• _Task item_: Exclude all pictures, then restate the entries below word for word.

• _Source records_:
*** Begin section ***
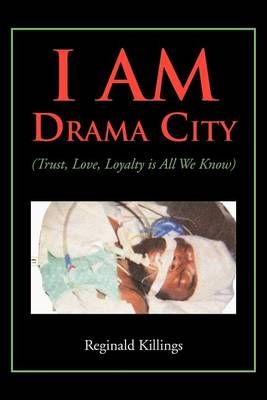 I Am Drama City By Reginald Killings 9781477119648 (Paperback)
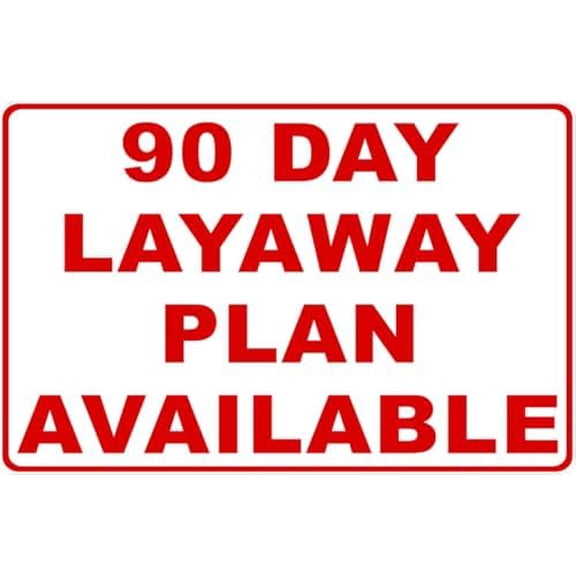 90 Day Layaway Plan Available Sign - Business 8"x12" Metal Sign Plaque for Man Cave, Yard, Indoor or Outdoor Display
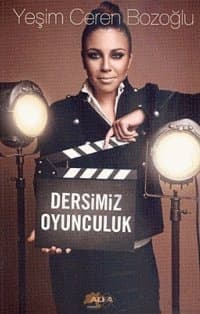Dersimiz Oyunculuk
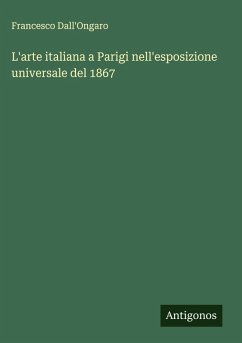 Cover L'arte italiana a Parigi nell'esposizione universale del 1867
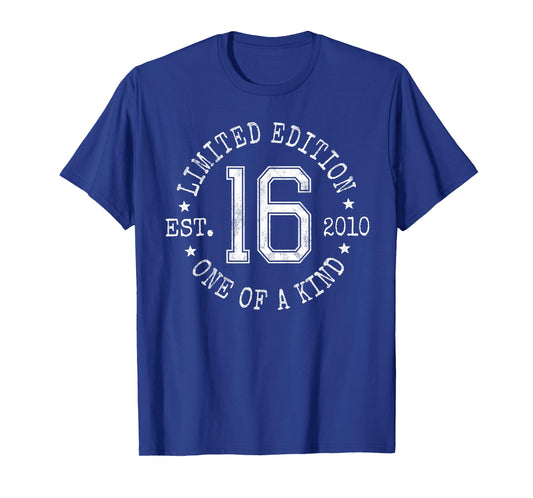Limited Edition Est 2010 One of a Kind 16th Birthday T-Shirt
*** End section ***
• _Exercise solution_:
 I Am Drama City By Reginald Killings 9781477119648 (Paperback)
 90 Day Layaway Plan Available Sign - Business 8"x12" Metal Sign Plaque for Man Cave, Yard, Indoor or Outdoor Display
Dersimiz Oyunculuk
 Cover L'arte italiana a Parigi nell'esposizione universale del 1867
Limited Edition Est 2010 One of a Kind 16th Birthday T-Shirt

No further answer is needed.